O senador Sérgio Souza (PMDB-PR), autor da proposta, explica que a alteração do Código Civil protege os bens dos cidadãos.
— É necessário proteger o patrimônio do cidadão em união estável para evitar brigas na Justiça que podem durar anos. A votação no site do Senado mostrou que a população é a favor do projeto.
A advogada Marcia Trevisioli, especialista em Direito de Família, acredita que o projeto pode trazer mais segurança para o casal.
— A linha que separa uma relação eventual de uma relação de união estável nem sempre é clara. Hoje, apesar da modernidade das relações, o casamento pressupõe uma comunhão para aquisição das coisas, diferentemente da união estável. Se estou vivendo em regime de união estável, é porque eu não quis me casar por alguma razão. Então, por que vou atribuir as mesmas condições do casamento à união estável se as relações são diferentes?
O servidor público Adalberto Meira Filho, de 57 anos, discorda do projeto. O engenheiro florestal vive com sua companheira há sete anos e acredita que a comunhão parcial de bens é o melhor sistema.
— A partir do momento em que se está junto com uma pessoa, o patrimônio é esforço pessoal dos dois. E quando se mora junto, um paga uma conta, o outro economiza em outra despesa. É muito difícil dizer o que é meu e o que é dela.
A funcionária pública Alessandra Flach, de 32 anos, concorda. Ela e o companheiro assinaram um pacto de união estável no cartório há dois meses e concordaram em manter comunhão parcial de bens.
— Eu acho que esse projeto pode atrapalhar o início de novas relações. Para que eu vou me juntar com alguém se o que a gente constrói juntos não é nosso?
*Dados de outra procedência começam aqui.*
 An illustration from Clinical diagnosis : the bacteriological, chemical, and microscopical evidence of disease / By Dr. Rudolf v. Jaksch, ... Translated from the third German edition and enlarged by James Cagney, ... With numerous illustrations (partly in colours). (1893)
A Justiça tem considerado a união estável como relacionamento entre duas pessoas, por pelo menos dois anos, com o objetivo de construir família. Não é preciso registrar em cartório a intenção de viver junto, mas essa atitude evita futuros confrontos judiciais.
O projeto do senador Sérgio Souza aguarda parecer da CCJ (Comissão de Constituição, Justiça e Cidadania) para continuar a tramitar no Legislativo.